==== Records for the task

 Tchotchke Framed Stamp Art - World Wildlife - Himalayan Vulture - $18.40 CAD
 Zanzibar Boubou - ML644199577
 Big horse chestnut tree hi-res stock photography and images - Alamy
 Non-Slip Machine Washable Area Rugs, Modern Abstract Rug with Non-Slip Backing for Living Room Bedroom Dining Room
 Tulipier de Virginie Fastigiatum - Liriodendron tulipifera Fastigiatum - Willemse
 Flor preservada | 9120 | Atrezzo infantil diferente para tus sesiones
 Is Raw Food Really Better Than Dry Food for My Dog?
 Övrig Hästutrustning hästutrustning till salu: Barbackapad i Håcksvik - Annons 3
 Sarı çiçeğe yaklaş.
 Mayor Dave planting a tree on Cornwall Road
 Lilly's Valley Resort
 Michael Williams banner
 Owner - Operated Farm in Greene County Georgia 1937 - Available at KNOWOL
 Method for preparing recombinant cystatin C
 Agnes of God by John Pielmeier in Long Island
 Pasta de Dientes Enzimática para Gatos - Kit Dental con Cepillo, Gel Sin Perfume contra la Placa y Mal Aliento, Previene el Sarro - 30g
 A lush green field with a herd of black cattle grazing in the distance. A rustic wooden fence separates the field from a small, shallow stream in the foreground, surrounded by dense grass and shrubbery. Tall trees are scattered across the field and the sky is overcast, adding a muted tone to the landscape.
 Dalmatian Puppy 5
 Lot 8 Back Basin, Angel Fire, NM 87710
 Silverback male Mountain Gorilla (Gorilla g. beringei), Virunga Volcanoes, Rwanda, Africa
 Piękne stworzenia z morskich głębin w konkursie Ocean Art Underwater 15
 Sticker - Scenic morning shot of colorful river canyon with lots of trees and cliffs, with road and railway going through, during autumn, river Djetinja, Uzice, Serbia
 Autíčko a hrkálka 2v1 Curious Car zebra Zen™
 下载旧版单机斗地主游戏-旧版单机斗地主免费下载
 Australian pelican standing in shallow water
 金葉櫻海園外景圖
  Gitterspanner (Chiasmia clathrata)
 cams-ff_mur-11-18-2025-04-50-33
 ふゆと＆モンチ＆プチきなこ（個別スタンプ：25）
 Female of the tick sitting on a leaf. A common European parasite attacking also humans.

========

What the task requires =
Copy out the data shown above in full. Match it exactly.

Task answer =
 Tchotchke Framed Stamp Art - World Wildlife - Himalayan Vulture - $18.40 CAD
 Zanzibar Boubou - ML644199577
 Big horse chestnut tree hi-res stock photography and images - Alamy
 Non-Slip Machine Washable Area Rugs, Modern Abstract Rug with Non-Slip Backing for Living Room Bedroom Dining Room
 Tulipier de Virginie Fastigiatum - Liriodendron tulipifera Fastigiatum - Willemse
 Flor preservada | 9120 | Atrezzo infantil diferente para tus sesiones
 Is Raw Food Really Better Than Dry Food for My Dog?
 Övrig Hästutrustning hästutrustning till salu: Barbackapad i Håcksvik - Annons 3
 Sarı çiçeğe yaklaş.
 Mayor Dave planting a tree on Cornwall Road
 Lilly's Valley Resort
 Michael Williams banner
 Owner - Operated Farm in Greene County Georgia 1937 - Available at KNOWOL
 Method for preparing recombinant cystatin C
 Agnes of God by John Pielmeier in Long Island
 Pasta de Dientes Enzimática para Gatos - Kit Dental con Cepillo, Gel Sin Perfume contra la Placa y Mal Aliento, Previene el Sarro - 30g
 A lush green field with a herd of black cattle grazing in the distance. A rustic wooden fence separates the field from a small, shallow stream in the foreground, surrounded by dense grass and shrubbery. Tall trees are scattered across the field and the sky is overcast, adding a muted tone to the landscape.
 Dalmatian Puppy 5
 Lot 8 Back Basin, Angel Fire, NM 87710
 Silverback male Mountain Gorilla (Gorilla g. beringei), Virunga Volcanoes, Rwanda, Africa
 Piękne stworzenia z morskich głębin w konkursie Ocean Art Underwater 15
 Sticker - Scenic morning shot of colorful river canyon with lots of trees and cliffs, with road and railway going through, during autumn, river Djetinja, Uzice, Serbia
 Autíčko a hrkálka 2v1 Curious Car zebra Zen™
 下载旧版单机斗地主游戏-旧版单机斗地主免费下载
 Australian pelican standing in shallow water
 金葉櫻海園外景圖
  Gitterspanner (Chiasmia clathrata)
 cams-ff_mur-11-18-2025-04-50-33
 ふゆと＆モンチ＆プチきなこ（個別スタンプ：25）
 Female of the tick sitting on a leaf. A common European parasite attacking also humans.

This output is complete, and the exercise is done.